___ Data excerpts

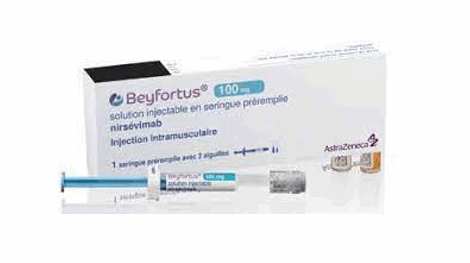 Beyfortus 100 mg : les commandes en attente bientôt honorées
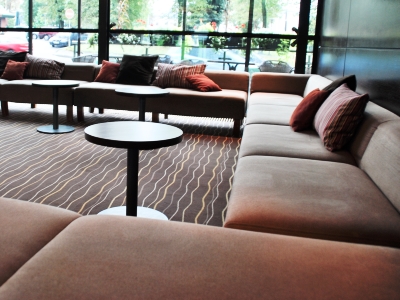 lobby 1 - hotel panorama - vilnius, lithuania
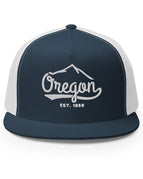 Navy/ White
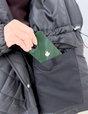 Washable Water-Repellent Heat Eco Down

______
___ Data excerpts

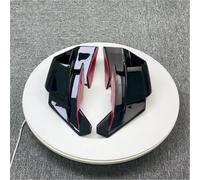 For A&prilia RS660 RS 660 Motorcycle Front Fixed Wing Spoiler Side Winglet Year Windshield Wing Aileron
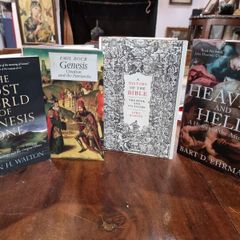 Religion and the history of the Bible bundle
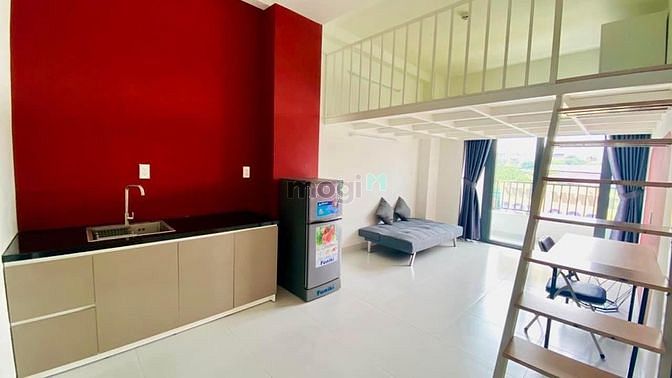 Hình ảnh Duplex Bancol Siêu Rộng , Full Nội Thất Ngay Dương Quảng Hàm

______

From the records above, extract the lines from the one holding "Beyfortus 100 mg : les" through the one holding "Washable Water-Repellent Heat Eco Down", word for word; omit the pictures.

**Written solution**.
 Beyfortus 100 mg : les commandes en attente bientôt honorées
 lobby 1 - hotel panorama - vilnius, lithuania
 Navy/ White
 Washable Water-Repellent Heat Eco Down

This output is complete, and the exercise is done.